**INPUT DATA**
========================================
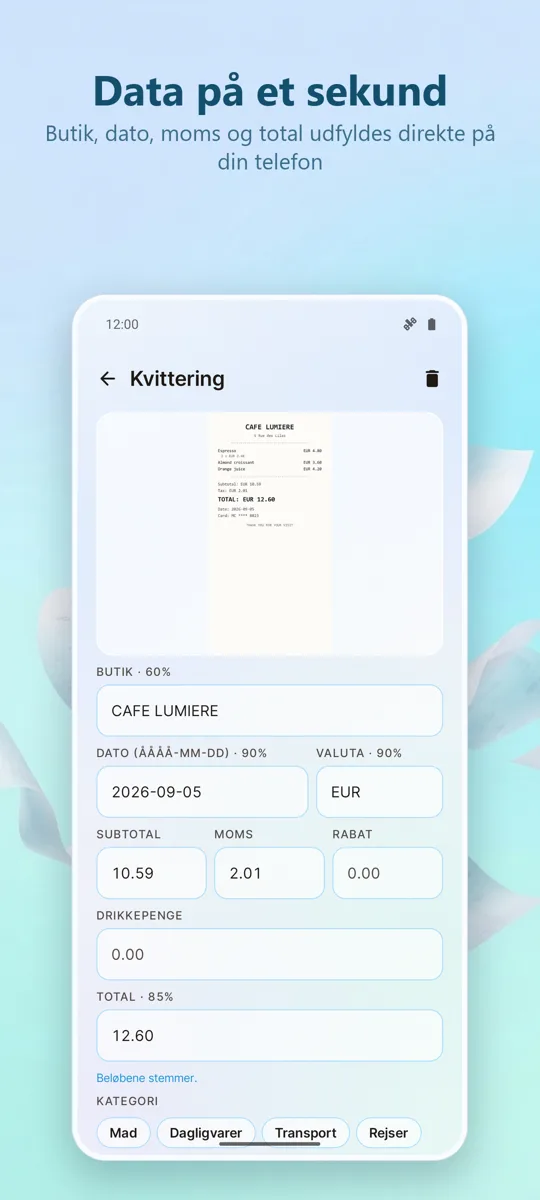 Kvitteringsscanner: Udgifter: skærmbillede 2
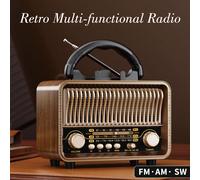Radio portable rétro, multi-bandes AM/FM/OC, chargement USB + lecture de carte TF, avec antenne externe, radio personnelle d'urgence pour l'extérieur, mini récepteur FM ABS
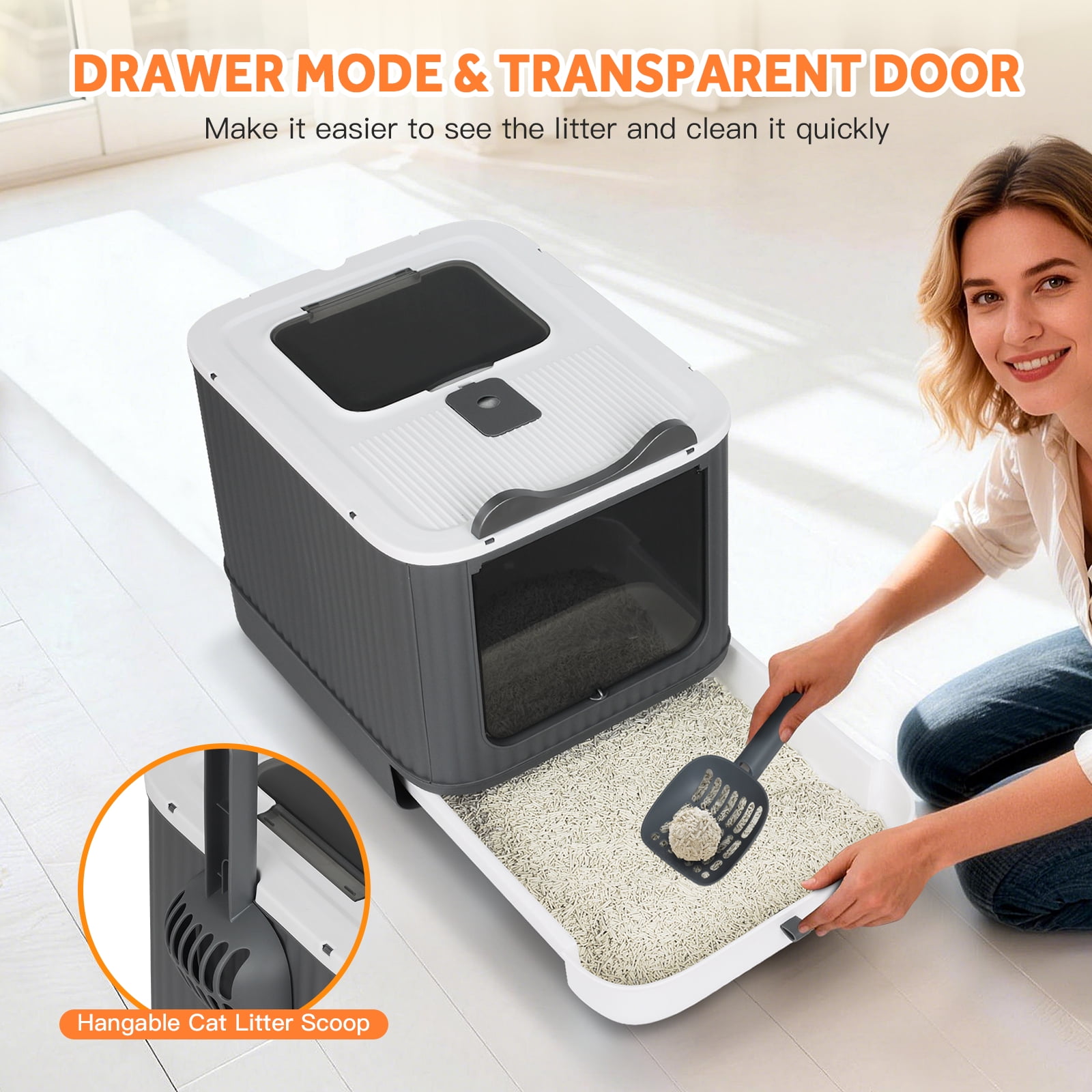 PHANCIR Enclosed Cat Litter Box with Lid, Easy to Clean with Includes Scoop & 4 Charcoal Deodorizer Bags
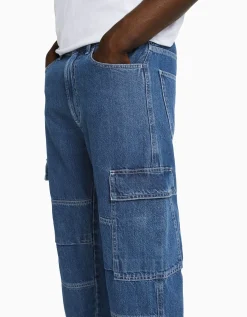 BERSHKA Jean cargo wide Bleu Fashion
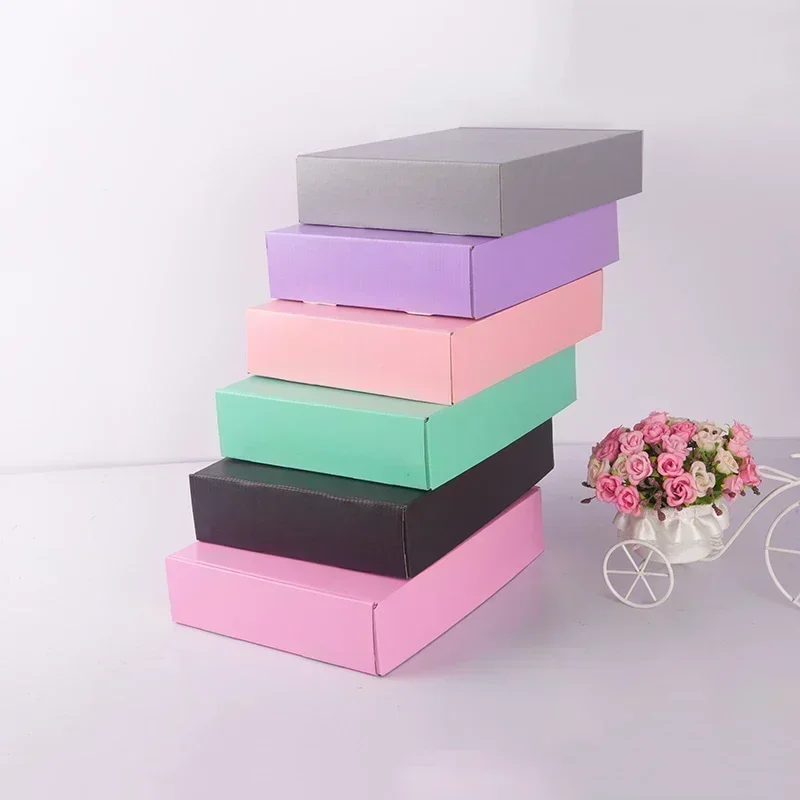 5Pcs/Lot Black / Gray / Pink Paper Cardboard Boxes For Business  Colour Paperboard Shipping Carton For Clothing/Gift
========================================
**WHAT NEEDS TO BE DONE**
Set down again, exactly, the lines of the material above from its first line to the one with "Radio portable rétro, multi-bandes", inclusive. Leave the pictures out.

**WRITTEN SOLUTION**
 Kvitteringsscanner: Udgifter: skærmbillede 2
Radio portable rétro, multi-bandes AM/FM/OC, chargement USB + lecture de carte TF, avec antenne externe, radio personnelle d'urgence pour l'extérieur, mini récepteur FM ABS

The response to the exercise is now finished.